§ **TASK TO CARRY OUT**
Set down, word for word, only the lines from the start of the records through the line bearing "Lake District, Buttermere."; include no pictures.

§ **SOURCE DATA**

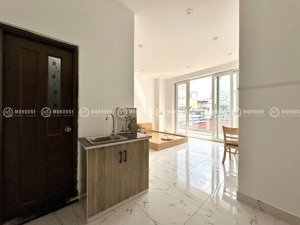 căn hộ full nội thất gần chợ phạm văn hai, công viên lê thị riêng có ban công thoáng mát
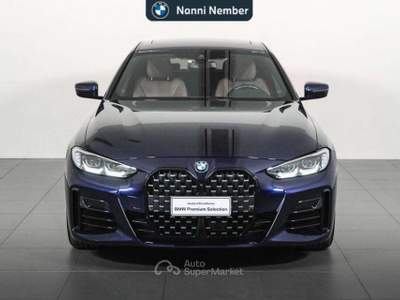 BMW Serie 4 Gran Coupé 420d 420 d Gran Coupe mhev 48V xdrive Msport auto Blu/Azzurro usata Brescia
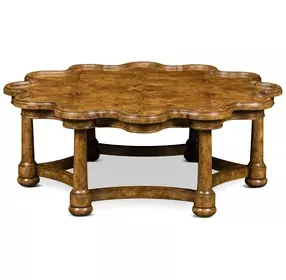 Devonshire Brown Round Occasional Table Set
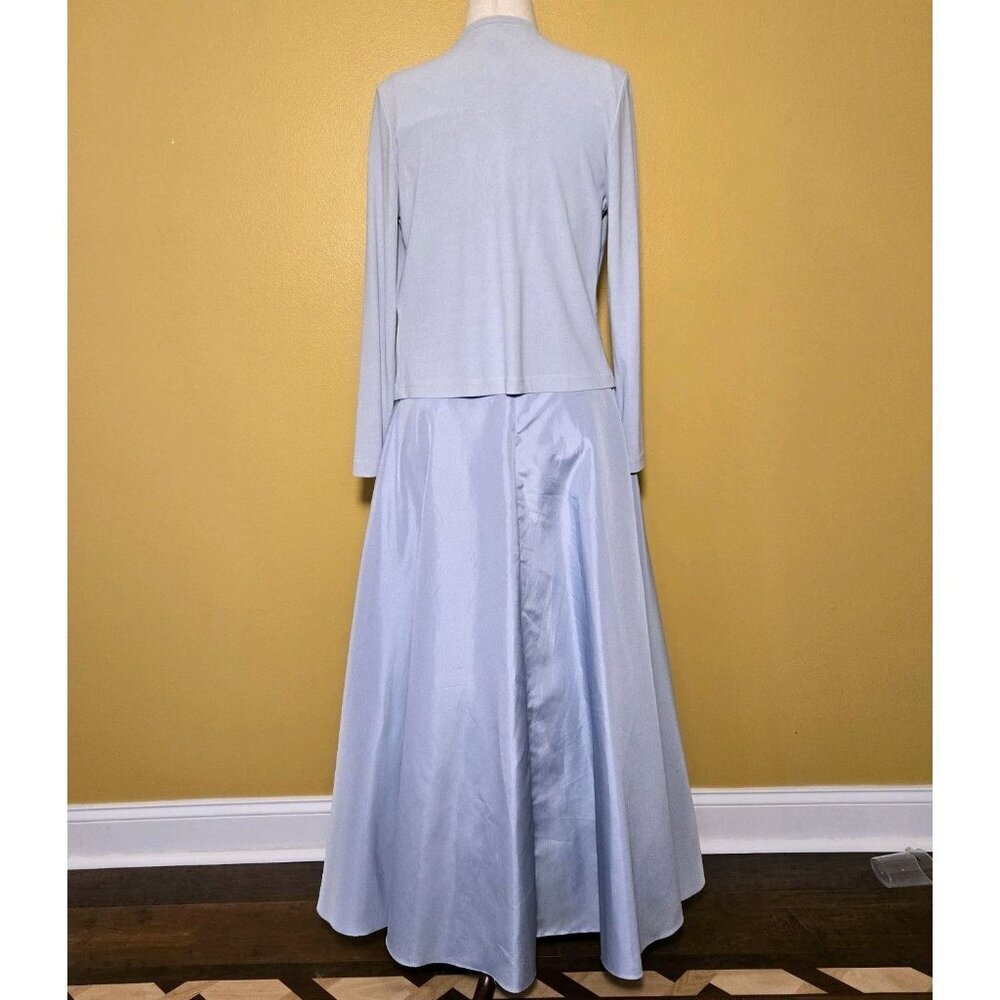 Js Collections Size 8 Light Blue Full Length Gown… - image 6
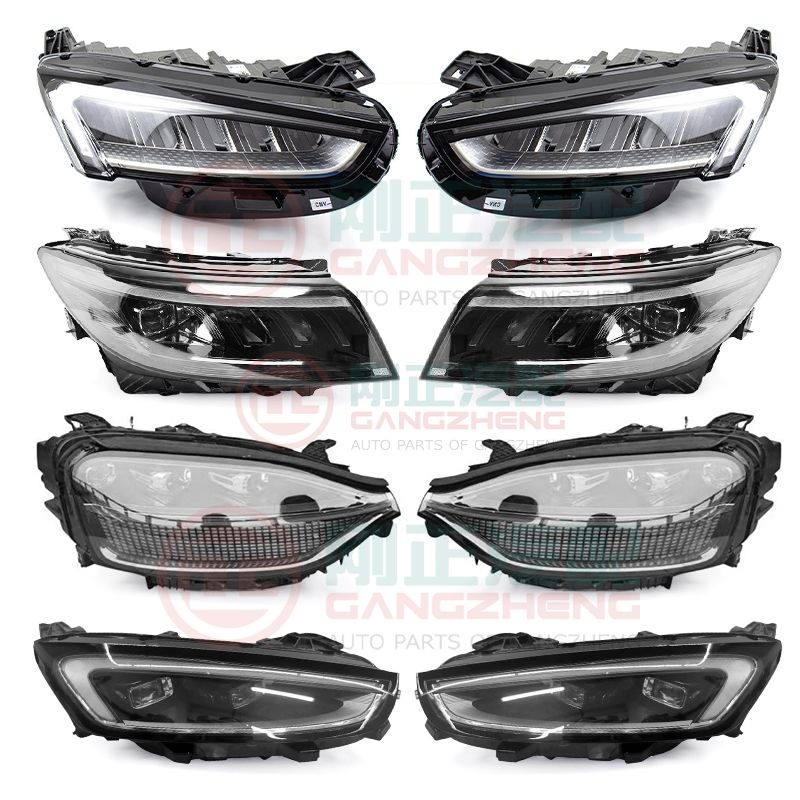 Replace Genuine Electric Car LED Headlights Accessories For AITO M5 M7 M9 LUXEED S7 Wholesale Chinese Car Brand Parts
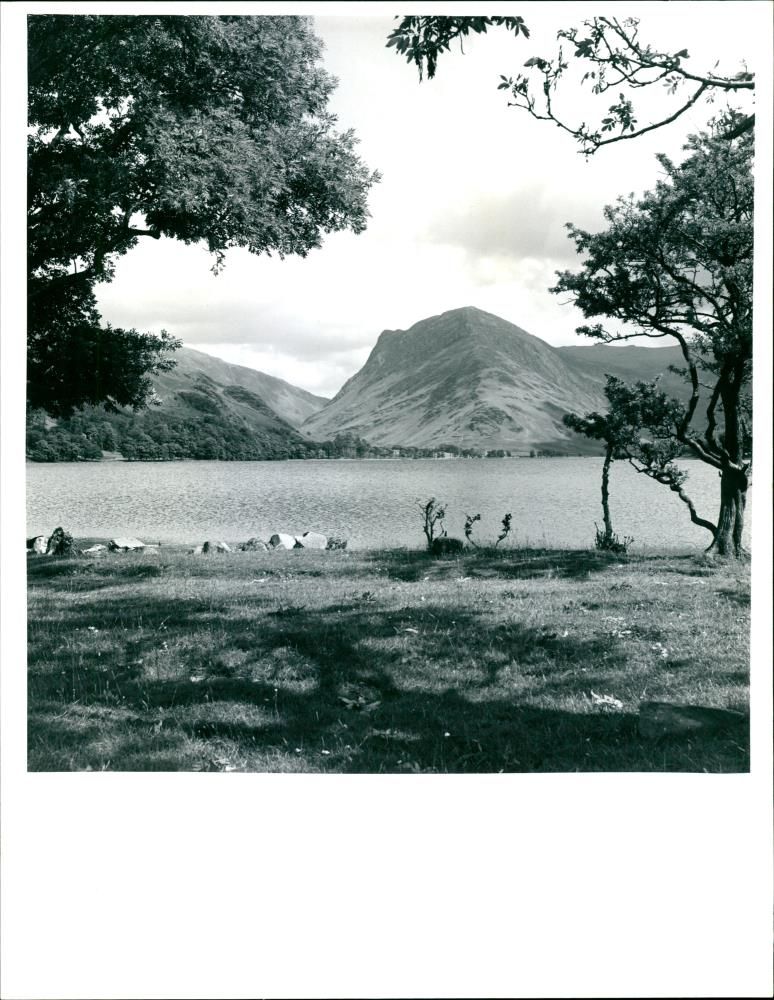 Lake District, Buttermere. - Vintage Photograph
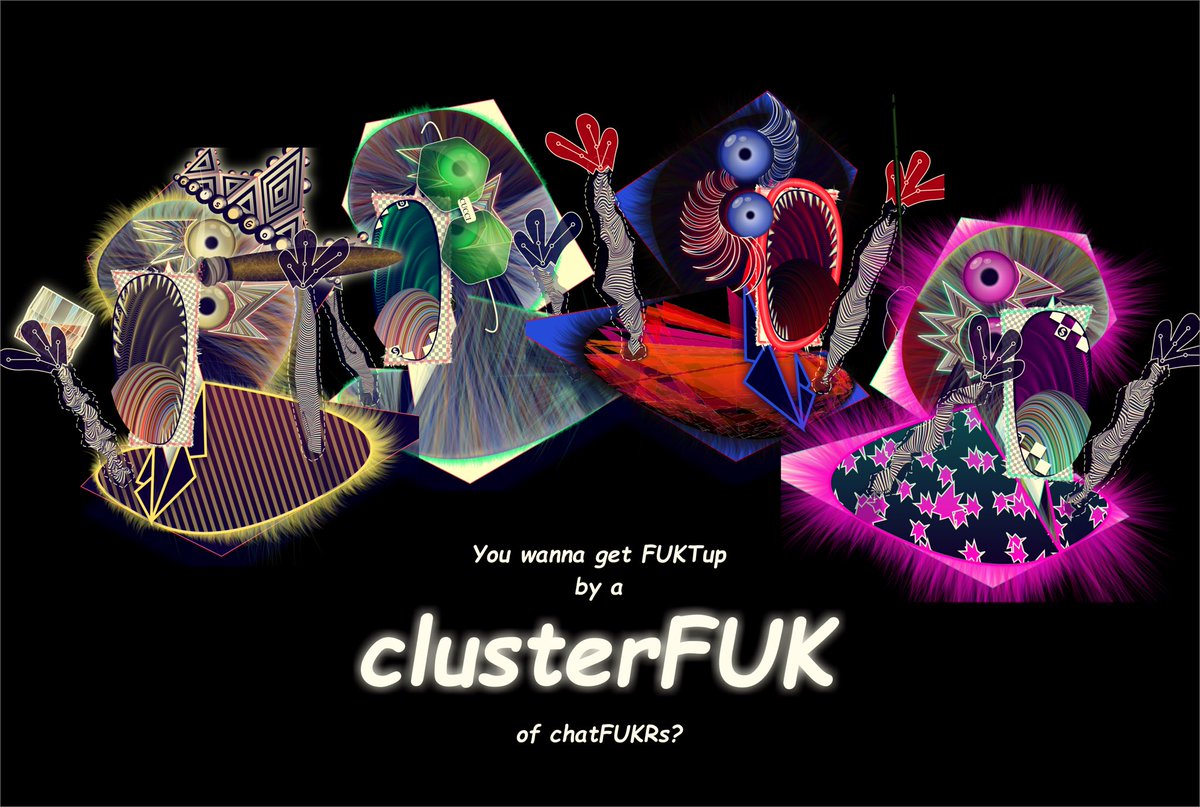 🎉 TY for all the entries! A group of chatFUKRs is called... a clusterFUK! Winners: 🥇 'clusterFUKR' - @slappingdatbass 🥈 'Cluster of Fukrs' - @LnJCloud1 🥉 'Dialogue' - @quiddichoi 🍰 'Discord' - @kidsmooth2 Congrats! Open a 🎟️ in discord.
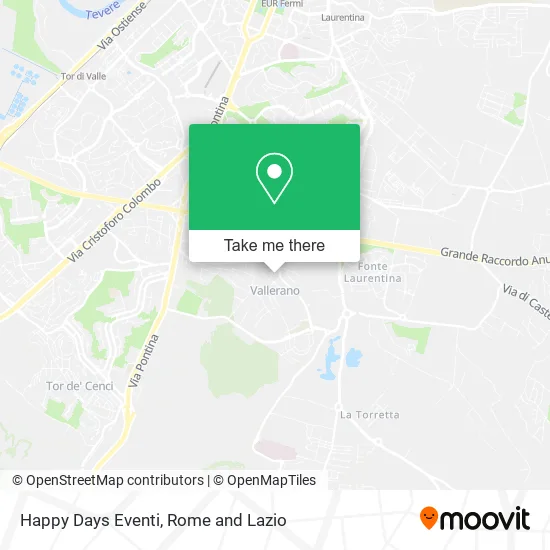 Happy Days Events map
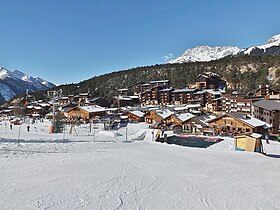 Vue aérienne de la station.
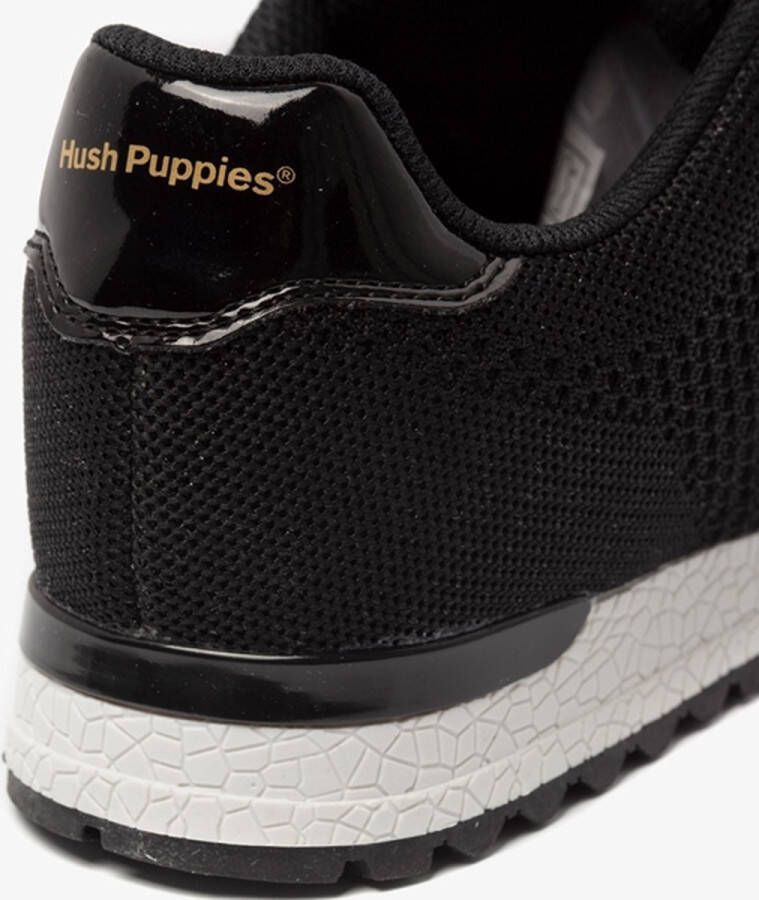 Hush Puppies dames sneakers zwart Uitneembare zool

§ **RESULT FOR THIS EXERCISE**
 căn hộ full nội thất gần chợ phạm văn hai, công viên lê thị riêng có ban công thoáng mát
 BMW Serie 4 Gran Coupé 420d 420 d Gran Coupe mhev 48V xdrive Msport auto Blu/Azzurro usata Brescia
 Devonshire Brown Round Occasional Table Set
 Js Collections Size 8 Light Blue Full Length Gown… - image 6
 Replace Genuine Electric Car LED Headlights Accessories For AITO M5 M7 M9 LUXEED S7 Wholesale Chinese Car Brand Parts
 Lake District, Buttermere. - Vintage Photograph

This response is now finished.